James George Potter
‘Back then, I could only afford basic digital cameras, but I’ve been moving into using analogue film more and more. In doing so, I rediscovered the most rewarding part of photography – capturing a moment of life and seeing the final image develop.‘
James is a portrait photographer and filmmaker from Croydon, South London. With his father playing in bands throughout his childhood, the musicians James met growing up were the first inspirations for his photography.
‘It wasn’t long before I picked up a camera and began documenting the people who came through the house as a kid – soul singers, rock guitarists, jazz musicians, each and every person with their own interesting story’
As James developed as a photographer, he moved from digital to analogue cameras, but his passion for documenting musicians remains, as his biggest inspiration is Dutch music photographer Anton Corbijn, describing his work as ‘beautiful, bold and honest‘.
Studying film invigorated James’ passion for telling stories of people from all over the world, collaborating with like-minded creatives he met while studying. His short documentary films tell the stories of many fascinating people – migrants who had travelled across Europe, people who had given up their lives to help them, detectives, criminals, campaigners, politicians and other young people.
The lockdown of 2020 initially challenged James and his work, there was no way of meeting people and finding stories to document. He then reimagined the circumstances, and began to find inspiration from his immediate surroundings, and the people around him.
‘In the past few months, I’ve gained a new appreciation for the town where I’ve grown up. The people walking by me on the street, who are they? What’s their story? I’ve travelled all over the place meeting interesting people, but lockdown has shown me that some of the best stories of all are right on my doorstep’

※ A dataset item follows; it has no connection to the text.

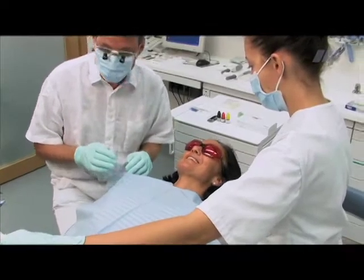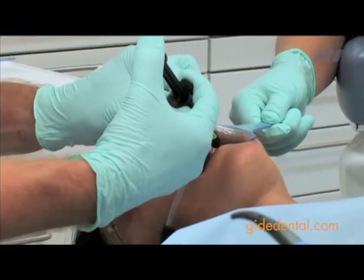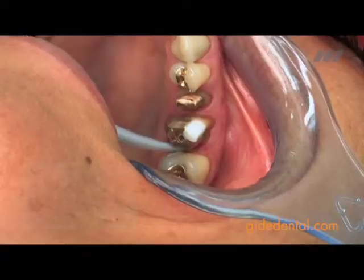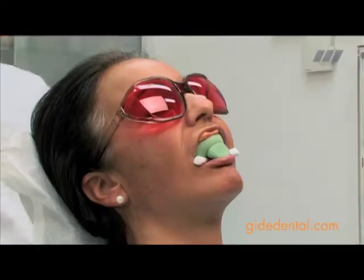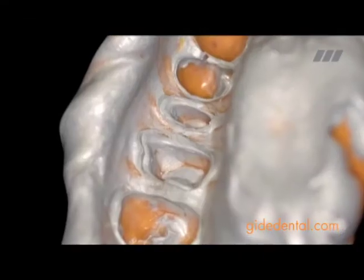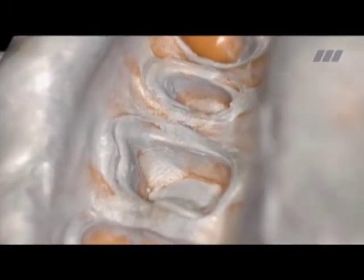Both defective metal ceramic crowns on the devitalized teeth 2-5 and 2-6 have to be replaced. Inspection shows that the subgingival preparation margins are precisely recorded, and the procedures in the laboratory can be carried out based on a perfect impression.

‘It was a Monday, I had missed my train and was stuck in town with my camera and time to kill. Walking through the high street I was stopped by the second boy from the left, probably close to my age, trying to speak to anyone who would listen. Normally I would be in such a hurry to get somewhere, I wouldn’t have normally stopped, but this time I did. He spoke to me about why they were raising money, supporting young people who might otherwise be vulnerable to knife crime. I didn’t know any of the boys, but we had all grown up in the same town, were around the same age, and had seen the same victims faces on the news. They were out there saying ‘no more.’
I asked to take his picture and he seemed surprised – ‘of me?’ he laughed. He pulled the others into the picture and I took this on the very end of my last roll of film. The sense of brotherhood in this picture and in that moment was excellent, the pride they had, showing their info magazine and T-shirts without me even asking. For someone born and raised in the same place, what these boys were doing was truly admirable. Every person in a picture is a character, and there are five characters in this scene, the four boys fighting for something they believe in, and the oblivious passer-by to the right, who if I hadn’t taken a moment to listen, probably would have been me’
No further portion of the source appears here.